D’où vient exactement cette majoration
La majoration pour enfants existe depuis longtemps dans le système de retraite français. Elle vise à compenser, au moins en partie, l’impact des enfants sur les carrières et donc sur les pensions.
Concrètement, chaque parent ayant eu ou élevé au moins trois enfants bénéficie d’une majoration de sa pension de base. Le principe : plus on a eu d’enfants, plus la retraite finale grimpe.
Cette règle avait déjà fait parler d’elle avec ces nouvelles mesures qui vont augmenter certaines pensions. La revalorisation de 1% s’inscrit dans cette continuité, mais elle cible un public précis.
Qui touche réellement cette augmentation
Les mères de famille ayant eu au moins trois enfants sont les principales concernées par cette hausse de 1%. C’est le seuil qui déclenche la majoration dans le régime général.
Les femmes ayant élevé deux enfants ne sont pas incluses dans ce dispositif spécifique. La barre des trois enfants reste la condition de base, comme c’était déjà le cas auparavant.
Cette distinction crée parfois de la confusion chez les retraitées qui pensaient être automatiquement concernées dès le deuxième enfant. Ce n’est pas le cas ici.

Combien ça change vraiment sur la pension
Sur une pension moyenne de retraite, une hausse de 1% se traduit par quelques euros supplémentaires chaque mois. Rien de spectaculaire, mais un geste qui s’ajoute à d’autres revalorisations.
Pour une pension de 1 200 euros par exemple, l’augmentation représente environ 12 euros de plus par mois. Sur une année, ça fait un peu plus de 140 euros supplémentaires.
Ce montant peut sembler dérisoire face à l’inflation et au coût de la vie. Mais dans un contexte où d’autres dispositifs sont plutôt gelés ou rabotés, comme le montre ce rabot de 125 euros qui inquiète les familles de trois enfants, chaque euro compte.
Faut-il faire une démarche pour en bénéficier
Bonne nouvelle : aucune démarche n’est nécessaire pour percevoir cette majoration.
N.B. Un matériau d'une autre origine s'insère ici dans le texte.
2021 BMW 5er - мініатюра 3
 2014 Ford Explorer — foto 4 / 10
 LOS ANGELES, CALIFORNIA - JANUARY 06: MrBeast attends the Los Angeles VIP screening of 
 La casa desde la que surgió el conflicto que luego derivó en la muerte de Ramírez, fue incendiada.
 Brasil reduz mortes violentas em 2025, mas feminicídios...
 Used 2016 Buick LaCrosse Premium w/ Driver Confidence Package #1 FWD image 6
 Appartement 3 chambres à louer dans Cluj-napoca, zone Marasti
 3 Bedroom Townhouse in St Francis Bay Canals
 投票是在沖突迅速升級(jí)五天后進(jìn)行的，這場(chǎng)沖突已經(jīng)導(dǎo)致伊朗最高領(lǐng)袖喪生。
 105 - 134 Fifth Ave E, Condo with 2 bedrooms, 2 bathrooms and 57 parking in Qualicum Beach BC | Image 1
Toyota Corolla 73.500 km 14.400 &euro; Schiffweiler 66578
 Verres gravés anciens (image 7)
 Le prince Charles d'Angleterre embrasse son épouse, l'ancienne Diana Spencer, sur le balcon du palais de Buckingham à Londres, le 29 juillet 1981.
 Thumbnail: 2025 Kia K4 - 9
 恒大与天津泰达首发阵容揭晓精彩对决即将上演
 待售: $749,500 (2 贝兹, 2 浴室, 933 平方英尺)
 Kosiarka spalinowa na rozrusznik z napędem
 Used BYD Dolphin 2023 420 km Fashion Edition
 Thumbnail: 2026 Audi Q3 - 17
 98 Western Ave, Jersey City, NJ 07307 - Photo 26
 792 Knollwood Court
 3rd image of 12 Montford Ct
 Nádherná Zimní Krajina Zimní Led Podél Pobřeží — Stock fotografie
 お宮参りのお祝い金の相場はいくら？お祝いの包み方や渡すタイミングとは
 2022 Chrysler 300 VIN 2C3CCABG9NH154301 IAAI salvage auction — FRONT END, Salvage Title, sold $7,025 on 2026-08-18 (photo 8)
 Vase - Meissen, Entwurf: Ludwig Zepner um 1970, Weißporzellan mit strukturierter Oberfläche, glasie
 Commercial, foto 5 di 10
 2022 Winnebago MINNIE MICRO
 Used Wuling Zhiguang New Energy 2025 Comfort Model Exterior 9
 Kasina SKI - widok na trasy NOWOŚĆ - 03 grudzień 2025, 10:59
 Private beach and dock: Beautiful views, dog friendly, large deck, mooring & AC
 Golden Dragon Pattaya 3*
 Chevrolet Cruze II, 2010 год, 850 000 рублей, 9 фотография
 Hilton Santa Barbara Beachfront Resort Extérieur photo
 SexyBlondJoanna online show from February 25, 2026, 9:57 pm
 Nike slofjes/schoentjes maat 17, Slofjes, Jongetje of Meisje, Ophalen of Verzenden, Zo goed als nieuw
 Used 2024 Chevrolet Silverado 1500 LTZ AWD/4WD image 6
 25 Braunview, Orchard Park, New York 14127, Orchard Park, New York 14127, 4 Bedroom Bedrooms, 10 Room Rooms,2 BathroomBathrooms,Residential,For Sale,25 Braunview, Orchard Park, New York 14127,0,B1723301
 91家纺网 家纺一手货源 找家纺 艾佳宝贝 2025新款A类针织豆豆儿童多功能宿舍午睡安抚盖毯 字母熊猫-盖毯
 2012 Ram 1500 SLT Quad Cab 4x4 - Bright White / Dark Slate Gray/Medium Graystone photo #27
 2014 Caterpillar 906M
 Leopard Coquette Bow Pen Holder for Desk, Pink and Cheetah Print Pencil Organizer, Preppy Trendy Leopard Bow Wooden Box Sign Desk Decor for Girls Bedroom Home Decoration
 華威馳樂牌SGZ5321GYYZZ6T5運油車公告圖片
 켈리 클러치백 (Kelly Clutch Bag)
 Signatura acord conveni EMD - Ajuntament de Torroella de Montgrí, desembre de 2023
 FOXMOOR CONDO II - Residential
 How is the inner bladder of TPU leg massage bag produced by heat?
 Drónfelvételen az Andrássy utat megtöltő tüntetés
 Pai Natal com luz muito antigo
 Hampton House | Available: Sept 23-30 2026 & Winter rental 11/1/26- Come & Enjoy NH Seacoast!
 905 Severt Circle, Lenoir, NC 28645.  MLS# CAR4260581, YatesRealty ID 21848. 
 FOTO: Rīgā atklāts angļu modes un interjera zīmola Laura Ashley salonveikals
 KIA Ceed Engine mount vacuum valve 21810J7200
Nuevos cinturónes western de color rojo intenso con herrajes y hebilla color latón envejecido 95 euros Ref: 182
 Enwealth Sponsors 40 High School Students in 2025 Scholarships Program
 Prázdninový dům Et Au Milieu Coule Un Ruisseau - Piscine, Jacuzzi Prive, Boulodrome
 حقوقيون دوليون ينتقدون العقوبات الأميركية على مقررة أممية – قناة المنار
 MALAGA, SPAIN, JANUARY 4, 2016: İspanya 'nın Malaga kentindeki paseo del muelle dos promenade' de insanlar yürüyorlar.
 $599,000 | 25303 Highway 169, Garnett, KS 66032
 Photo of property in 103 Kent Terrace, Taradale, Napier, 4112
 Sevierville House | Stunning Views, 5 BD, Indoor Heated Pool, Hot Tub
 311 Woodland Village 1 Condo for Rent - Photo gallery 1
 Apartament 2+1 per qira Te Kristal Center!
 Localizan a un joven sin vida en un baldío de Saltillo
Les caisses de retraite appliquent automatiquement le calcul dès lors que les conditions sont remplies.
La majoration est intégrée directement au calcul de la pension de base lors de la liquidation des droits. Elle apparaît ensuite sur chaque versement mensuel sans intervention de l’assuré.
Pour les retraitées déjà en paiement, l’ajustement se fait aussi sans demande particulière. C’est l’organisme qui recalcule et applique la nouvelle base.
Cela dit, des erreurs de calcul existent parfois dans le système. Une étude de la Cour des comptes a révélé que 1 pension sur 9 comporte une erreur en 2026, ce qui pousse à vérifier son relevé de temps en temps.

Quand ça apparaît sur le compte en banque
La revalorisation s’applique sur les virements récents et doit donc déjà figurer sur les derniers relevés de pension. Pas besoin d’attendre un mois particulier pour la voir apparaître.
Si le montant ne semble pas avoir bougé, le mieux reste de consulter directement son relevé de pension détaillé. Il indique la répartition entre pension de base et majorations diverses.
En cas de doute persistant, contacter sa caisse de retraite reste la solution la plus fiable. Les conseillers peuvent détailler précisément le calcul appliqué à chaque dossier.
Cette hausse s’ajoute à un calendrier de versements déjà chargé pour les retraités. Le mois de septembre 2026 prévoit d’ailleurs deux virements Agirc-Arrco et Cnav programmés début septembre, un calendrier à surveiller de près.
Un petit plus dans un contexte tendu
Cette majoration intervient dans une période où les pensions font l’objet de multiples ajustements, parfois moins favorables. Entre les discussions sur la désindexation et les gels ponctuels, les retraités scrutent chaque ligne de leur relevé.
Pour les mères de famille concernées, ce 1% reste une bonne nouvelle, même modeste. Il s’ajoute à d’autres mécanismes existants, comme le minimum contributif qui profite à certaines générations précises, à l’image de cette aide de 903 euros par mois que les Français nés entre 1960 et 1964 oublient encore de vérifier.
Dans tous les cas, un conseil valable pour tous les retraités : garder un œil régulier sur son relevé de pension. C’est souvent là que se cachent les petites surprises, bonnes ou mauvaises.